Quote exactly the lines running from the line with "Выпускная фотокнига, разворот 1" to the end of the entries, including both, and nothing else.

— PROVIDED RECORDS —
==========
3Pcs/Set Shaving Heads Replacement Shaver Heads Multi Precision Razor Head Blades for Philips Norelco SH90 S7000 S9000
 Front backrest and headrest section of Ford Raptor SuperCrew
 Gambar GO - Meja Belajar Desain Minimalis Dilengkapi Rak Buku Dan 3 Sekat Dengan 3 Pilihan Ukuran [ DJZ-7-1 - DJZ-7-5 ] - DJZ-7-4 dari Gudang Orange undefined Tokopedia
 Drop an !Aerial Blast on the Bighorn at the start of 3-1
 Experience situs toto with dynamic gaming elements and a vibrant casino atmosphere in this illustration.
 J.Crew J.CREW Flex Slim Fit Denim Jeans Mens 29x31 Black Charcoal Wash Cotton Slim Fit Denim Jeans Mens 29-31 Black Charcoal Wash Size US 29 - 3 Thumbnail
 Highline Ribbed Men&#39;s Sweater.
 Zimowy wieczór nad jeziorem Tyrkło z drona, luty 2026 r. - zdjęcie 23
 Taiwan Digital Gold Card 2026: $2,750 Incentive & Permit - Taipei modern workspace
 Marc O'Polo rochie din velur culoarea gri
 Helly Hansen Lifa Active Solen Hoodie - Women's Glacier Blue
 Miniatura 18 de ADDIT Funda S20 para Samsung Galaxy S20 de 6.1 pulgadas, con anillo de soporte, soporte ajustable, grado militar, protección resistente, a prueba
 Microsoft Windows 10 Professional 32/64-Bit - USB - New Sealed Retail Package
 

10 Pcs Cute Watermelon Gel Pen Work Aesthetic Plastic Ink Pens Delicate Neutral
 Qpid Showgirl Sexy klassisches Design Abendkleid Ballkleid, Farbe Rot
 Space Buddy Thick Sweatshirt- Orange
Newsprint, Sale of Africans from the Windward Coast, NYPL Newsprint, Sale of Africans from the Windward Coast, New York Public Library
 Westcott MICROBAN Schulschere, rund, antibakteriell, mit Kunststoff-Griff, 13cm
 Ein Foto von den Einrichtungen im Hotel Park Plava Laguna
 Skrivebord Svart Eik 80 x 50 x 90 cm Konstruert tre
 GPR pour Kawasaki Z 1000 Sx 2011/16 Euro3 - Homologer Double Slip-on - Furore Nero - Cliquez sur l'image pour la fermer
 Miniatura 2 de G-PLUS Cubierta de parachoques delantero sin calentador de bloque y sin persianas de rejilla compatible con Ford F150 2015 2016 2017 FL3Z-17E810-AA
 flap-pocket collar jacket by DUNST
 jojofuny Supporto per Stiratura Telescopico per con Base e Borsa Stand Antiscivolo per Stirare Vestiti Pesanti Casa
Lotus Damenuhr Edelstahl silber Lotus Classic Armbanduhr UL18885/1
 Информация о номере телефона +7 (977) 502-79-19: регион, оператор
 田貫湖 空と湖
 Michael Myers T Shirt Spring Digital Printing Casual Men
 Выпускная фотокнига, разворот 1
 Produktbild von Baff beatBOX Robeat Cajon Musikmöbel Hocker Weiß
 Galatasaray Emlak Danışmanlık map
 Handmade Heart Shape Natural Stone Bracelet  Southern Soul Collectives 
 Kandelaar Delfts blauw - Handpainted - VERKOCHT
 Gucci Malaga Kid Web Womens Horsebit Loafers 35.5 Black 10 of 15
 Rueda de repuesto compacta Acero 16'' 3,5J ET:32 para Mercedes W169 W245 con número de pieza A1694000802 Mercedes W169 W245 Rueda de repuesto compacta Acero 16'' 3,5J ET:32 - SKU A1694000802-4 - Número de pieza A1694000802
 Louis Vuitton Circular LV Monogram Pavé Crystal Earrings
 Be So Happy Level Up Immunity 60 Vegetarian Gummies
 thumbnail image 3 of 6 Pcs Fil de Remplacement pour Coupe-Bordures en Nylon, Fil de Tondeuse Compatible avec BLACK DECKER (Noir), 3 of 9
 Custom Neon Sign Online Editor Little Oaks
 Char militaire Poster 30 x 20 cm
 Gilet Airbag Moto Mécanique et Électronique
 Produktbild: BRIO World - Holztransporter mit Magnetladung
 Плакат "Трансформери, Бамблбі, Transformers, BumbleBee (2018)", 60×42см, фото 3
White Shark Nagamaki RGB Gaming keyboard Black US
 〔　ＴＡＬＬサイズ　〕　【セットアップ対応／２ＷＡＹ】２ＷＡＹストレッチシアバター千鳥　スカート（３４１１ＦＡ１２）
==========
— EXPECTED ANSWER —
 Выпускная фотокнига, разворот 1
 Produktbild von Baff beatBOX Robeat Cajon Musikmöbel Hocker Weiß
 Galatasaray Emlak Danışmanlık map
 Handmade Heart Shape Natural Stone Bracelet  Southern Soul Collectives 
 Kandelaar Delfts blauw - Handpainted - VERKOCHT
 Gucci Malaga Kid Web Womens Horsebit Loafers 35.5 Black 10 of 15
 Rueda de repuesto compacta Acero 16'' 3,5J ET:32 para Mercedes W169 W245 con número de pieza A1694000802 Mercedes W169 W245 Rueda de repuesto compacta Acero 16'' 3,5J ET:32 - SKU A1694000802-4 - Número de pieza A1694000802
 Louis Vuitton Circular LV Monogram Pavé Crystal Earrings
 Be So Happy Level Up Immunity 60 Vegetarian Gummies
 thumbnail image 3 of 6 Pcs Fil de Remplacement pour Coupe-Bordures en Nylon, Fil de Tondeuse Compatible avec BLACK DECKER (Noir), 3 of 9
 Custom Neon Sign Online Editor Little Oaks
 Char militaire Poster 30 x 20 cm
 Gilet Airbag Moto Mécanique et Électronique
 Produktbild: BRIO World - Holztransporter mit Magnetladung
 Плакат "Трансформери, Бамблбі, Transformers, BumbleBee (2018)", 60×42см, фото 3
White Shark Nagamaki RGB Gaming keyboard Black US
 〔　ＴＡＬＬサイズ　〕　【セットアップ対応／２ＷＡＹ】２ＷＡＹストレッチシアバター千鳥　スカート（３４１１ＦＡ１２）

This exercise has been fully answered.